Uma Partitura, Várias Possibilidades
Em 2018, eu e o Tarcísio fizemos parte de um grupo de estudos, promovido pela São Paulo Companhia de Dança. Foram quatro encontros, nos quais discutiu-se o ballet O Lago dos Cisnes, obra estreada pela SPCD em novembro do ano passado. Todos os participantes foram convidados a escrever para o programa, que foi distribuído durante as três semanas em que a peça ficou em cartaz, no Teatro Sérgio Cardoso. Para mim, como bailarina e estudante de jornalismo, foi uma grande honra poder colaborar, ter meu texto publicado e lido por tanta gente! O foco foi a música de O Lago dos Cisnes, parte de um estudo que já havia feito para uma série de vídeos no meu canal no Youtube. E agora, compartilho com vocês. Boa leitura!
Uma Partitura, Várias Possibilidades
A música de O Lago dos Cisnes é, certamente, uma das mais emblemáticas do repertório clássico. Lançada em 1877, a genialidade da composição de Tchaikovsky (1840-1893) ganhou fama após a estreia da montagem de Marius Petipa (1818-1910) e Lev Ivanov (1834-1901), em 1895. Para essa versão, que se tornou a base das produções que conhecemos, a partitura original foi inteiramente revisada por Riccardo Drigo (1846-1930), que era o diretor musical do Teatro Mariinsky na época.
A exclusão de diversos temas contribuiu para deixar a estrutura da peça, antes extensa, mais equilibrada.
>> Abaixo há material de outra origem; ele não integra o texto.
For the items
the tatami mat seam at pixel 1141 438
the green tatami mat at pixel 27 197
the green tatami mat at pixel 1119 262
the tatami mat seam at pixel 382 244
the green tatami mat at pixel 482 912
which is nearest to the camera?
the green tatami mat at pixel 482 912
Para se ter ideia, a primeira montagem contava com 55 músicas, e a segunda, editada por Drigo, passou a ter 42. Além disso, várias tiveram seu arranjo orquestral alterado, outras foram remanejadas e ainda há aquelas que foram substituídas. Um caso muito interessante é a criação do Grand Pas de Deux do Cisne Negro, que não existia no terceiro ato.
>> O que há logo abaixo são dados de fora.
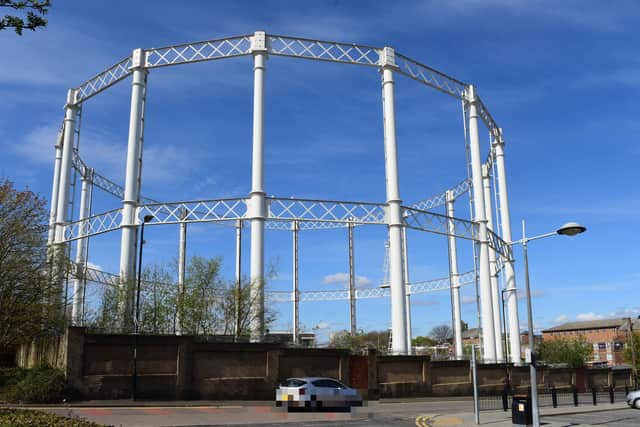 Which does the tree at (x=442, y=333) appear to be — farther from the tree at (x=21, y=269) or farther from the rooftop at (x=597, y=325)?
the tree at (x=21, y=269)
Na produção original de 1877, a coreografia de Julius Reisinger (1828-1892) tinha outra proposta: seguia os moldes clássicos, com entrée, solos e coda, e teria sido interpretada por Odile e pelas princesas pretendentes a se casar com Siegfried. O número não agradou uma primeira-bailarina da época e, a seu pedido, um pas de deux adicional, criado por Marius Petipa, foi incorporado ao ballet. Curiosamente, esse trecho não foi aproveitado na montagem de 1895.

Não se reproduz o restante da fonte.